Служитель египетских богов
Шрифт:
— Я достаточно крепок, — вскинулся Жан Марк и возмущенно прибавил: — Почему все считают, что мы, европейцы, не переносим жары?
— Потому что в большинстве случаев это действительно так, — откликнулся Бондиле. — Я лично, — он постучал по своей шляпе, — на солнце без этого просто не выхожу. Идите же, не упрямьтесь. Сыщите свой головной убор, а потом приходите ко мне. Я покажу, над чем мы работаем. — Профессор совсем по-приятельски приобнял Жана Марка. — Египет обескураживает новичков. Это весьма непростая земля, но я надеюсь вас с ней примирить. Войдя в курс дела, вы сразу приободритесь.
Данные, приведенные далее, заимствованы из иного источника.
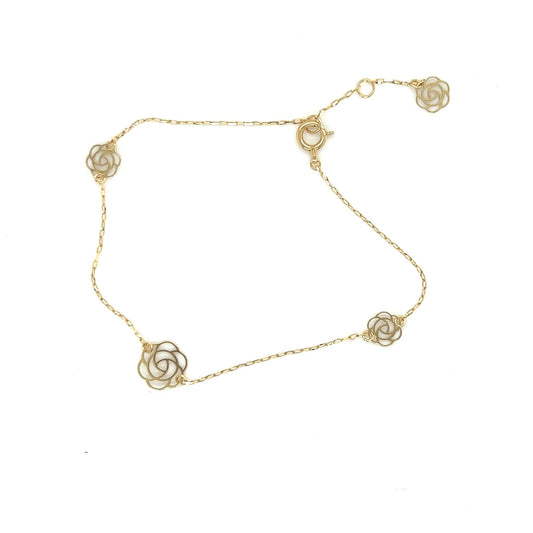 Gold Hollow Flower Bracelet - JMW Jewelry Wholesale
— О, безусловно, — кивнул благодарно Жан Марк, после чего произнес с виноватыми нотками: — Вы правы насчет шляпы. Наверное, я и впрямь заупрямился.
— Что часто случается с новичками. Попадая в необычную обстановку, мы не желаем расстаться с тем, что нам привычно, — великодушно признал
Жан Марк вежливо рассмеялся, что от него и требовалось.
— Я постараюсь приспособиться к этой стране.
— Вот и хорошо, — одобрил Бондиле. — Борьба не имеет смысла. — Он показал на берег, под которым в воде стояли быки; за ними приглядывали двое худосочных мальчишек. — Даже местные жители кажутся тут чужаками. Нет никого, кто ощущал бы себя здесь абсолютно своим. Иначе и быть не может, ведь все окружающее много старше любого из нас.
— Старше любого из нас, — едва слышно повторил Жан Марк, следуя за профессором и начиная исподволь сомневаться в непогрешимости приведших его сюда побуждений.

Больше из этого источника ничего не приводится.